◆ Record extracts ◆
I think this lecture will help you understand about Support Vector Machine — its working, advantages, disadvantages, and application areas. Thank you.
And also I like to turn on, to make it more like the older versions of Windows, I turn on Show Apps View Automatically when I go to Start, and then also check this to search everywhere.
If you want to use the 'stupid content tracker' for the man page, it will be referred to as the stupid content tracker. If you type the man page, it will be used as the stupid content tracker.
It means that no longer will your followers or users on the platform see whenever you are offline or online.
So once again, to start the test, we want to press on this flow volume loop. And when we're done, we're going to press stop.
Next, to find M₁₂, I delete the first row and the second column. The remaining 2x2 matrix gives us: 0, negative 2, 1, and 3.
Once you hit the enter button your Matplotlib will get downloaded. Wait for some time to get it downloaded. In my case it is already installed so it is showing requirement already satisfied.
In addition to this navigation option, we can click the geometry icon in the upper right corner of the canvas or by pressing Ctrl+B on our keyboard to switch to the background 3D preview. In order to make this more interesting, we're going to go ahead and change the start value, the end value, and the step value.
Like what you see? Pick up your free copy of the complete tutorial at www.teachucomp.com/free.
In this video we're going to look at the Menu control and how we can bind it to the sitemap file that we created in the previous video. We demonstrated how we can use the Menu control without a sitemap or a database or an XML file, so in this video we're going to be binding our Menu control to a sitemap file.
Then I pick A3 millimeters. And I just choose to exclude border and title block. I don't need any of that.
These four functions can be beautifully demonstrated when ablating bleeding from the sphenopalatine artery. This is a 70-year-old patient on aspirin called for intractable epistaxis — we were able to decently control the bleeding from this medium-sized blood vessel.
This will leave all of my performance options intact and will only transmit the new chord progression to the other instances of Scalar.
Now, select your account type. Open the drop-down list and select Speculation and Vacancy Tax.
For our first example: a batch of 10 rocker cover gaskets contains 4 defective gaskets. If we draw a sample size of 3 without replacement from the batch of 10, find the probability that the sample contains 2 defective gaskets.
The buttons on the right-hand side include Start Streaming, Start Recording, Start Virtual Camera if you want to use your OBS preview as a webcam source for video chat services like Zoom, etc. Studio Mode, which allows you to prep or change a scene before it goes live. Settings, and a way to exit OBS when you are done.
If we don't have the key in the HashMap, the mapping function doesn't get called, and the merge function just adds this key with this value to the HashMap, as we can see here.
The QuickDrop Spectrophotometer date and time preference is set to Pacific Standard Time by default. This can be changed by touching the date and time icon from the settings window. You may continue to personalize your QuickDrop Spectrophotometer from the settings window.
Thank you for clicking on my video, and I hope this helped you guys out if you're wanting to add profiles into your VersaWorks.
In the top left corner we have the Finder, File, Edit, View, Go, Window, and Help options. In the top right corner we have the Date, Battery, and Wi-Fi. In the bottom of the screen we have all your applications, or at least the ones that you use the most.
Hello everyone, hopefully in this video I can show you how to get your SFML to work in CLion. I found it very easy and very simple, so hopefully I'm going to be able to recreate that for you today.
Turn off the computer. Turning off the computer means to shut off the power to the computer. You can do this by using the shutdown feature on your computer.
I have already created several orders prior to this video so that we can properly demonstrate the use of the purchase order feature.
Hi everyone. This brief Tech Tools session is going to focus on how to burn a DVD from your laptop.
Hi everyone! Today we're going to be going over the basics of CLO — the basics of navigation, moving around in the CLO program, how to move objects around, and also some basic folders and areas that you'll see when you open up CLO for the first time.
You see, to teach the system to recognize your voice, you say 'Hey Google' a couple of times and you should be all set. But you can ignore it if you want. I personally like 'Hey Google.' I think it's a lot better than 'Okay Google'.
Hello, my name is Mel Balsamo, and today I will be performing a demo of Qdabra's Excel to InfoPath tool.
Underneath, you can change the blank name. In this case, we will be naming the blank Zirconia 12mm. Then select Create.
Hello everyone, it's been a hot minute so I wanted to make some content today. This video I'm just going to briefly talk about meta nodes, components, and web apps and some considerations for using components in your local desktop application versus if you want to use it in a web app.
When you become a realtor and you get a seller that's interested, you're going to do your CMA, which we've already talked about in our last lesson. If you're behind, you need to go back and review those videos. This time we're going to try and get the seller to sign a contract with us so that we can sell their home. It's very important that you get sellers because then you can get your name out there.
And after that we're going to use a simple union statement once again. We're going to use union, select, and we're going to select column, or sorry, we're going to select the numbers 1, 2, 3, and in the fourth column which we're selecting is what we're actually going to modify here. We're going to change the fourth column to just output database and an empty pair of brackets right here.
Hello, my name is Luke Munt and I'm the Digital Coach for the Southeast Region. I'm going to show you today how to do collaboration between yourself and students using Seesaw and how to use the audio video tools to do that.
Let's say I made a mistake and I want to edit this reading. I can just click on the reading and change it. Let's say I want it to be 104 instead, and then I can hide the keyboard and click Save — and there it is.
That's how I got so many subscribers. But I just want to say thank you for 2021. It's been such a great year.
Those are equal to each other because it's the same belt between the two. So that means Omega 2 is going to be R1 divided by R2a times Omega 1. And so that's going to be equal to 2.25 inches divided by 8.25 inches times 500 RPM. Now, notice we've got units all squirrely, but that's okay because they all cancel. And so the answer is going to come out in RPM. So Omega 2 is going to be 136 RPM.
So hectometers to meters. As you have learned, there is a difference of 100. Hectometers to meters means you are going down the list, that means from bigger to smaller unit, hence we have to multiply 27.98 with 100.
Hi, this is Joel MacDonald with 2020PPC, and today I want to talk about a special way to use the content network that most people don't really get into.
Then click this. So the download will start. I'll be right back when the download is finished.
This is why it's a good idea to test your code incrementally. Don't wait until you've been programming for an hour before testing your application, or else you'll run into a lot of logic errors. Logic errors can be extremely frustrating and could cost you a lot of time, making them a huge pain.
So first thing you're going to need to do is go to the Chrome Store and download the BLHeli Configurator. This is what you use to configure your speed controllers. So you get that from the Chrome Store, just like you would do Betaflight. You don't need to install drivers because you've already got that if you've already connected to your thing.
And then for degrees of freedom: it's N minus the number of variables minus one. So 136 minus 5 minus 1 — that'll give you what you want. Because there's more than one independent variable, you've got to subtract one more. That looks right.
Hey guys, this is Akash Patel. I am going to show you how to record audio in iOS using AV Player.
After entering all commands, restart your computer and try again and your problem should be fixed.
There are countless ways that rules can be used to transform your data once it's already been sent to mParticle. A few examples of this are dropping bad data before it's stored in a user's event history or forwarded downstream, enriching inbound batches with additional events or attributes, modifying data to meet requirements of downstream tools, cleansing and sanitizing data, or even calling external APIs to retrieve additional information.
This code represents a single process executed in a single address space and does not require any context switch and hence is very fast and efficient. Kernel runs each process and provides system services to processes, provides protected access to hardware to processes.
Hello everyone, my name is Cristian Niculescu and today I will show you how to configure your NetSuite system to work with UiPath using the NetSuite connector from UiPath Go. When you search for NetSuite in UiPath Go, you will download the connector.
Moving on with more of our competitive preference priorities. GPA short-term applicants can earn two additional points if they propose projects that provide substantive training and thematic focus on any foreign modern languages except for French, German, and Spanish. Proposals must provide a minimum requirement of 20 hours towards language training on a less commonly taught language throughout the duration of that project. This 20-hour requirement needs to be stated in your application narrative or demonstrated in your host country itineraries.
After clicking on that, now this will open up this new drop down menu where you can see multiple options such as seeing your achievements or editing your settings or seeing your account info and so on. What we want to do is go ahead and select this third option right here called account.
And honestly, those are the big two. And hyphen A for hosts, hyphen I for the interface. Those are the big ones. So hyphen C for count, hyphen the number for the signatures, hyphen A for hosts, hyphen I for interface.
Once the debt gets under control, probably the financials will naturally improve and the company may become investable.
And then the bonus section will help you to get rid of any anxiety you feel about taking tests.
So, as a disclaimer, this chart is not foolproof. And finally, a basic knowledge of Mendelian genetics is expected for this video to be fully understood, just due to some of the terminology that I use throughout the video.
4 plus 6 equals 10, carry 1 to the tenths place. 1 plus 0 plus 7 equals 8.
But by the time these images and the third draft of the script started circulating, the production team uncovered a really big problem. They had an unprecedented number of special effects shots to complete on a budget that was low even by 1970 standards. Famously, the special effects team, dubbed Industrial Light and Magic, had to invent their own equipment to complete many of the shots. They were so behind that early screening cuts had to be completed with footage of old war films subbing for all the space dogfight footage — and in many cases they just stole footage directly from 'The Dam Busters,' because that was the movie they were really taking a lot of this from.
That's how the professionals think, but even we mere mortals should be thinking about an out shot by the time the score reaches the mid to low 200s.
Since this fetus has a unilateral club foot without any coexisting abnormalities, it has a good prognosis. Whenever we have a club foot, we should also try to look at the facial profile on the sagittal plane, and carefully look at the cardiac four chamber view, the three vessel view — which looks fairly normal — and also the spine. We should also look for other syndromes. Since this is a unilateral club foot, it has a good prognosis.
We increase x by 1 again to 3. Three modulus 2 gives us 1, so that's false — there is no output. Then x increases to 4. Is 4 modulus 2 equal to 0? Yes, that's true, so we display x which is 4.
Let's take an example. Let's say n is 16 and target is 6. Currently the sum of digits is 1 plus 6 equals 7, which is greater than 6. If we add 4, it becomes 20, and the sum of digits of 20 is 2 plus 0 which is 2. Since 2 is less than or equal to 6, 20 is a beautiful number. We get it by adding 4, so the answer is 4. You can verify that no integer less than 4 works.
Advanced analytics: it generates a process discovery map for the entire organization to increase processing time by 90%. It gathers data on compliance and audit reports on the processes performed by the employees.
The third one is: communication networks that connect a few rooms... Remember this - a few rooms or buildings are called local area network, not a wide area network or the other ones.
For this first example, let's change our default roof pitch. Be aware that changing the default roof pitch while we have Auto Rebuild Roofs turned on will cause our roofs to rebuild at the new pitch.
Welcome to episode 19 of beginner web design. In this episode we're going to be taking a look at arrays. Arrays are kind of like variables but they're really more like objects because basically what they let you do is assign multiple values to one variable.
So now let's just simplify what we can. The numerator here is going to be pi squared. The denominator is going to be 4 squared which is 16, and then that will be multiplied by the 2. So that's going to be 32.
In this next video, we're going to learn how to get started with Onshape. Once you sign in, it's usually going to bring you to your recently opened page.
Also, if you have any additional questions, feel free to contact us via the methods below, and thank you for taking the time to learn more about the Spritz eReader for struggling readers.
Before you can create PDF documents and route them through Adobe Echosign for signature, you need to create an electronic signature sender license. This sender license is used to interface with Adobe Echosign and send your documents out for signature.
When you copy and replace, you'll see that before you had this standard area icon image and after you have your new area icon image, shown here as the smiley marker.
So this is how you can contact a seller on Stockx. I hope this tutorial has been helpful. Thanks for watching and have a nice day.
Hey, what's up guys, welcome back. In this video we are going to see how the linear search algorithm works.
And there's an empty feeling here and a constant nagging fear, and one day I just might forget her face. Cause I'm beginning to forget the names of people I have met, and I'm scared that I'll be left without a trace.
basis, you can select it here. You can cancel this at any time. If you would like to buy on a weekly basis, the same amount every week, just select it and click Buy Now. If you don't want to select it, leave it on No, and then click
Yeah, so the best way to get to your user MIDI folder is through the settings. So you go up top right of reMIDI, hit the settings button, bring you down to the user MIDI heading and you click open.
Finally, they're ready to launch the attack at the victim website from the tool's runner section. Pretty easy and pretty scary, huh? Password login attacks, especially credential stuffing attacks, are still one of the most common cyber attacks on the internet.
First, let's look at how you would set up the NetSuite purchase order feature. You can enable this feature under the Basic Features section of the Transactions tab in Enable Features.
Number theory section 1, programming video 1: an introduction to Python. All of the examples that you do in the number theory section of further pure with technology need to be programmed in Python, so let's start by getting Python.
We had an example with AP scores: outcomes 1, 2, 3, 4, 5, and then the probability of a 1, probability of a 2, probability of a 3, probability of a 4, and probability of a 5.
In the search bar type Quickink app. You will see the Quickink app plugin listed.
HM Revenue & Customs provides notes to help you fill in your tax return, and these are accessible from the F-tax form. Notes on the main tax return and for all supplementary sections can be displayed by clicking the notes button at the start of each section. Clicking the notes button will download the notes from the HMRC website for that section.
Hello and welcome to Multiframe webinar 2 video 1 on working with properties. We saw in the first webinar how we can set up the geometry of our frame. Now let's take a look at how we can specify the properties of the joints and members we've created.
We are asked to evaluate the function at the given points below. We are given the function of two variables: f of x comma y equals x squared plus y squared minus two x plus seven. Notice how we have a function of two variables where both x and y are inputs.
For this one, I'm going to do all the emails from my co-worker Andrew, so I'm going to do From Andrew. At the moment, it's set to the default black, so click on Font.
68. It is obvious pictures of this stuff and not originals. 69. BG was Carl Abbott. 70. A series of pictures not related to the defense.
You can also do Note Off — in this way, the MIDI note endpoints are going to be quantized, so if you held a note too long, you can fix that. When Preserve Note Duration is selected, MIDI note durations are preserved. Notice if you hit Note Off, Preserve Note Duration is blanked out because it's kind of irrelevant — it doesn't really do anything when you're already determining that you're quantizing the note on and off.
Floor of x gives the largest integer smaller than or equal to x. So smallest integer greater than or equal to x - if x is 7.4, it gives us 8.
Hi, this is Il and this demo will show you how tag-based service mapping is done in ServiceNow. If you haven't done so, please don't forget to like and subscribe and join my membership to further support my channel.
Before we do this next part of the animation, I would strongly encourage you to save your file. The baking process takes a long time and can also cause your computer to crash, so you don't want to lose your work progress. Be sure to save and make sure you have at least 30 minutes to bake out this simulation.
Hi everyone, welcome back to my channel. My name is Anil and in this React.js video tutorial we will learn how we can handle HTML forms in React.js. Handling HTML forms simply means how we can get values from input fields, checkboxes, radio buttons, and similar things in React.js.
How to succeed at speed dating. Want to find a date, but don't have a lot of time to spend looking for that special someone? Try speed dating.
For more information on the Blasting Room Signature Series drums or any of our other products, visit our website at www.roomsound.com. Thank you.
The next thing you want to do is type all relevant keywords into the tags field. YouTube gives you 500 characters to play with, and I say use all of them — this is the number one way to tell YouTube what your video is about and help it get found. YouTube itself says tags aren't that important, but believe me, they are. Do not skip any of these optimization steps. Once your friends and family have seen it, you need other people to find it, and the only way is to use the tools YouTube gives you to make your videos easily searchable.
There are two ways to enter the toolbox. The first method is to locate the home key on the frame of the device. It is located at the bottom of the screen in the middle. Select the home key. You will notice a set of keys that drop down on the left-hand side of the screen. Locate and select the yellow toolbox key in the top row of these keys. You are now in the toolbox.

◆ Task brief ◆
Above are the records. Copy the lines beginning at the one that has "So hectometers to" and ending with the one that has "This is why", unchanged.

◆ Exercise output ◆
So hectometers to meters. As you have learned, there is a difference of 100. Hectometers to meters means you are going down the list, that means from bigger to smaller unit, hence we have to multiply 27.98 with 100.
Hi, this is Joel MacDonald with 2020PPC, and today I want to talk about a special way to use the content network that most people don't really get into.
Then click this. So the download will start. I'll be right back when the download is finished.
This is why it's a good idea to test your code incrementally. Don't wait until you've been programming for an hour before testing your application, or else you'll run into a lot of logic errors. Logic errors can be extremely frustrating and could cost you a lot of time, making them a huge pain.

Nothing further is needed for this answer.